The next table shows the difference between shards and replicas.

	Replicas	Shards
Create multiple copies of an executor	✅	✅
Partition data into several parts	❌	✅
Request handled by one of the executors	✅	✅, if `polling = ‘any’`
Request handled by all of the executors	❌	✅, if `polling = ‘all’`

Think of using replicas when you have slow Executors and you want to be able to process multiple requests in parallel. Also replicas provide high availability in case some executors are taken down (for updates, failures, etc)

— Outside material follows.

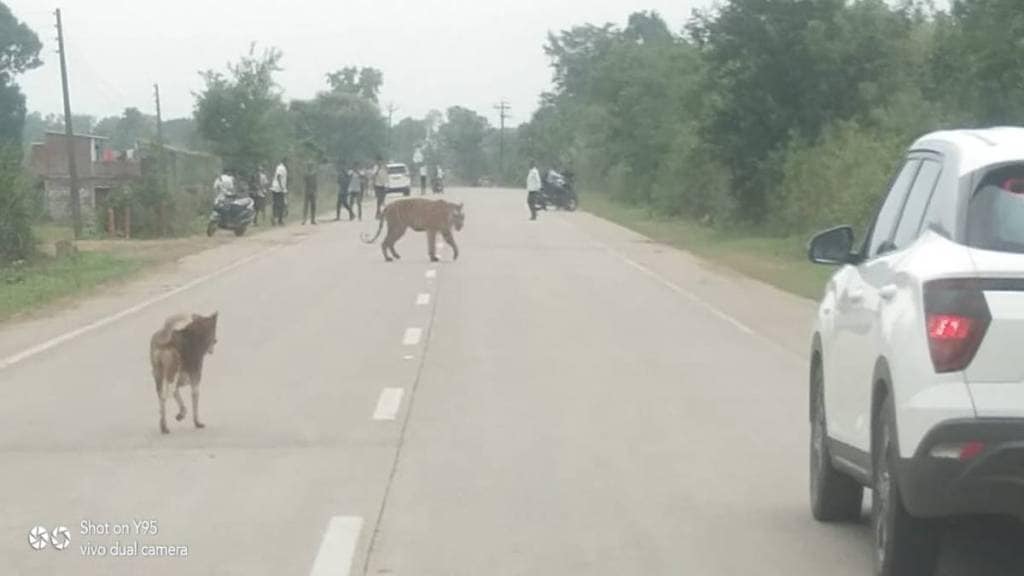 Gondiya tiger spotted walking on road during day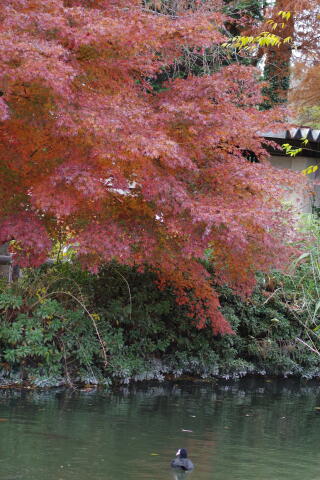 井の頭恩賜公園の紅葉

On the other hand, when your data is too large to fit in one machine or if the latency of a request is too large shards is your best option since it allows you to split your data across multiple machines.

Warning

Sometimes you’ll also encouter parallel, this is equivalent to shards and is only kept for backwards compatibility.

Reducing

Reducing is a mechanism that applies by default to DocumentArrays resulted by instances of Executors running in parallel in a Flow. It combines the multiple DocumentArrays into one DocumentArray when you have one of these 2 cases:

Your Flow contains 2 or more shards of the same Executor with polling='all'
Your Flow contains 2 or more different Executors running in parallel and you have another Executor that needs 2 or more of them. Reducing is necessary if your Flow needs the combined DocumentArray in later steps.

Reduction consists in reducing all DocumentArrays sequentially using DocumentArray.reduce. The resulting DocumentArray contains Documents of all DocumentArrays.

If a Document exists in many DocumentArrays, data properties are merged.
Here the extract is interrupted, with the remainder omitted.